The Company expects first quarter 2026 revenues to be sequentially down mid-single digits due to continued pricing pressure and seasonality.

For additional information on the non-GAAP financial measures discussed above, see under “Non-GAAP Financial Information” below.

Balance Sheet and Liquidity

As of December 31, 2025, current assets were $577.2 million, including cash and cash equivalents of $274.3 million. Total debt outstanding was $244.9 million, which includes $142.5 million of senior debt. Subsequent to quarter end, the Company increased its existing syndicated credit facility by $50 million, bringing the total current principle outstanding to $189 million.

Total basic and diluted weighted average shares outstanding for the three months ended December 31, 2025, were 231.9 million shares and 234.4 million shares, respectively.

Capital Allocation

On September 16, 2025, the Company’s Board of Directors authorized up to $50 million to be used to repurchase up to 10,364,640 of the Company’s Subordinate Voting Shares from September 23, 2025, through September 22, 2026. Additionally, in December 2025, the Company purchased 5,000 Super Voting Shares for a total amount of approximately $4 million, separate from and not pursuant to the existing share repurchase program.

Since September 5, 2023, the Company has repurchased the equivalent of approximately 15.5 million Subordinate Voting Shares for $121.8 million through December 31, 2025.

The Company anticipates 2026 capital expenditures to be approximately $80 million, roughly the same as the 2025 spend.

Non-GAAP Financial Information

This press release includes certain non-GAAP financial measures as defined by the U.S. Securities and Exchange Commission. Reconciliations of these non-GAAP financial measures to the most directly comparable financial measure calculated and presented in accordance with GAAP are included in the financial schedules attached to this press release. This information should be considered as supplemental in nature and not as a substitute for, or superior to, any measure of performance prepared in accordance with GAAP.

Definitions

EBITDA: Earnings before interest, taxes, other income or expense and depreciation and amortization.

Adjusted EBITDA: Earnings before interest, taxes, depreciation, and amortization, adjusted for other income, non-cash stock-based compensation, one-time transaction related expenses, or other non-operating costs.

Normalized EBITDA: Adjusted EBITDA plus brand license fees.

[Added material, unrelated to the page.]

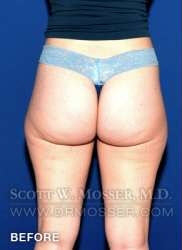 Liposuction - Thighs Patient 68368 Before Photo # 3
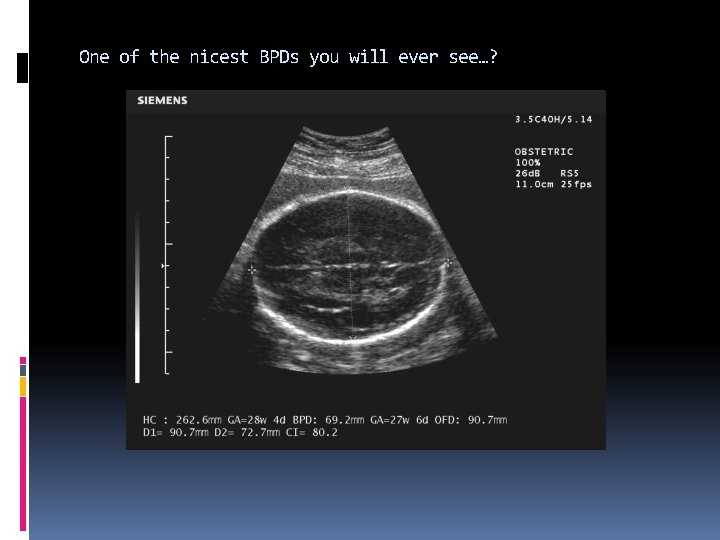 One of the nicest BPDs you will ever see…?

About Green Thumb Industries

Green Thumb Industries Inc. (“Green Thumb” or the “Company”) is a leading national cannabis consumer packaged goods company and retailer headquartered in Chicago, Illinois. The company manufactures and distributes a portfolio of branded cannabis products, some of which are licensed, including RYTHM, Dogwalkers, incredibles, Beboe, &Shine, Doctor Solomon’s and Good Green. Green Thumb also owns and operates RISE Dispensaries, a rapidly growing national retail chain with over 100 locations. Green Thumb serves millions of patients and customers each year with a mission to promote well-being through the power of cannabis while giving back to the communities it serves. Established in 2014, Green Thumb has manufacturing facilities and retail stores across 14 U.S. markets, employing approximately 5,000 people. More information is available at www.gtigrows.com.